2. DISTRIBUTED DENIAL OF SERVICE
DDoS (Distributed Denial of Service) attacks refer to the next generation of DoS attacks on the Internet. TCP SYN flooding and UDP, ICMP echo-request floods, and ICMP directed broadcasts (also referred to as surf attacks) are similar to DDos attacks, however, the attack has a new scope. Victims of DDoS attack experiences packet flooding from various sources perhaps spoofed IP source addresses that brings their network connectivity to a grinding malfunction. In the past, an attempt to flood a target host with packets is the typical DoS attack. The hacker uses a terminal to scan for systems to hack. After handler systems are accessed, the hacker installs software on these systems. This software attempts to scan for, compromise, and infect agent systems. When the agent systems are accessed, the intruder then loads remote control attack software to accomplish the DDoS attack. [Bidou 2000]
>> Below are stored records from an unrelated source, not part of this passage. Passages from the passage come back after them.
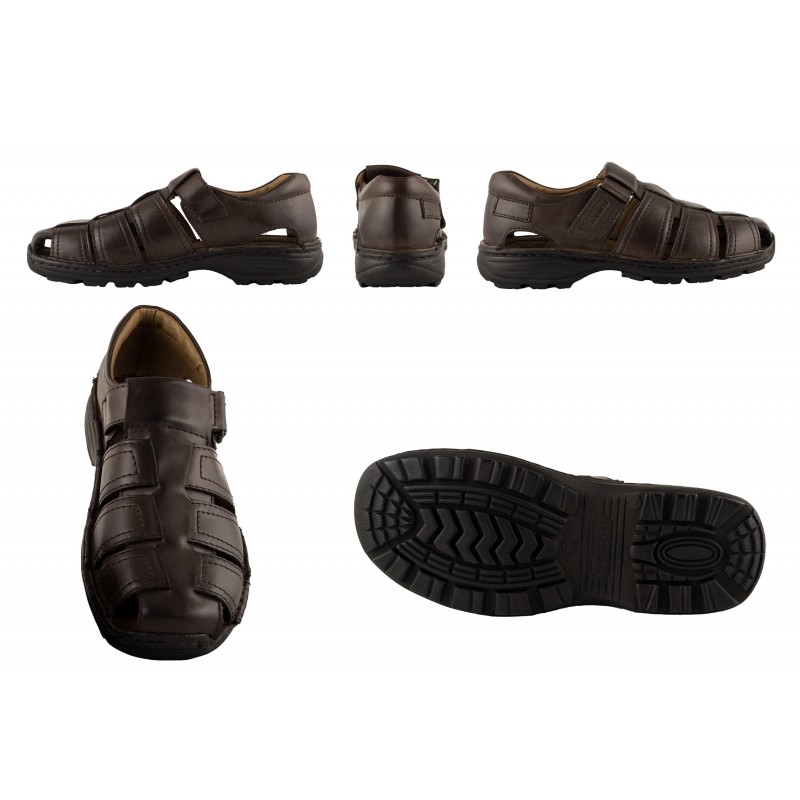 zerimar shoes Sandalia de piel cerrada con velcro modelo KUNO Ofertas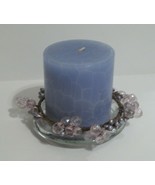 Blue Candle with Glass Candleholder Plate  &amp; Decorative Beaded Trim, 3 pc - $15.20 CAD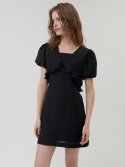 오앨(OUEL) ROSE CORSAGE TOP & MINI DRESS SET_BLACK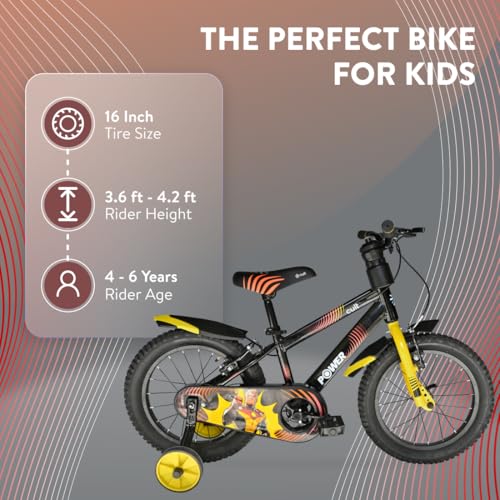 Image of CULTSPORT by Cult Power 16T Kids Cycle for 4-6 Years Unisex, Single Speed Cycle /Bicycle with Complete Accessories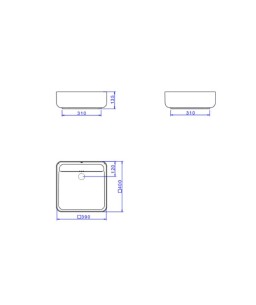 Cuba Quadrada Apoio com valvula Oculta Deca 40cm Branco L.11040.VO.17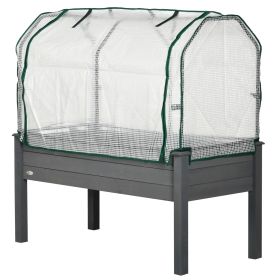 Raised Garden Bed with PE Greenhouse Cover Outdoor Planter Box for Herbs and Vegetables, 48 x 22 x 46 inch, Dark Gray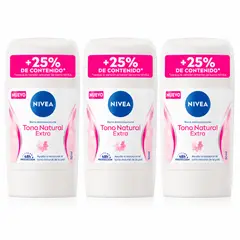 NIVEA - Pack Desodorante Tono Natural Mujer Barra X3 54g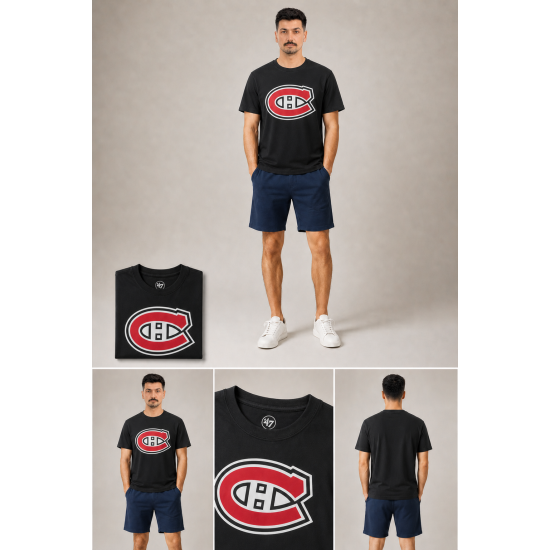 Montreal Canadiens Logolu Siyah T-Shirt Montreal Canadiens Logolu Siyah T-Shirt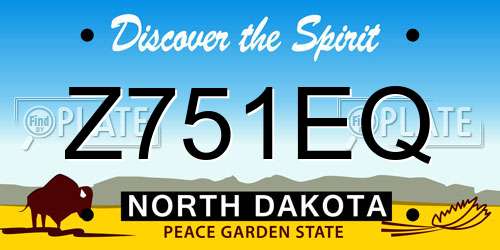 Z751EQ North Dakota License Plate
2.9.2 WORM, VIRUS AND TROJAN HORSE ATTACKS
Some threat are categorized according to minor or primary vulnerabilities for the end-user, which could be handled by a layman by just explaining what he/she has to do. These attacks could be solved by the use of antivirus software or by restoring the affected machine to factory settings.
1. VIRUS
Viruses are known as malicious software, which are attached to other programs and execute a particular undesirable or unwanted function on a user workstation. Typically, a virus propagates itself by infecting other programs on the same computer where it resides. Viruses can do serious damage, like erasing an entire storage media or erasing and manipulating files. These kinds of viruses cannot affect a new computer without human aid such as introducing a virus-infected file on a CD, or as an email attachment and mostly through file sharing.
2. WORMS
A worm is a self-replicating malware, which executes arbitrary code and also installs copies of itself on memory of infected computer; it can then infect other hosts from the infected computer. A worm is also a program that propagates itself like viruses do, but a worm can as well spread itself automatically across the network from one computer to the next unlike viruses that need human media to spread. They always take advantage of features of automatic file sending and receiving, found on many computers to propagate.
3. TROJAN HORSE
A Trojan horse does two things at a go: it can infect and convert the infected, and a Trojan can attack on three levels. It can attack as virus, as worm and as itself. A virus known as the Love Bug is a typical example of a Trojan horse because a love bug pretends to be a love letter when it actually carries a harmful program. Love Bug is definitely a virus because it infects all image files on the attacked disk, and turns them into new Trojans. Finally, Love Bug is worm as it propagates itself across the Internet by hiding in the Trojan horses, which is sent out using addresses in the attacked email address contact.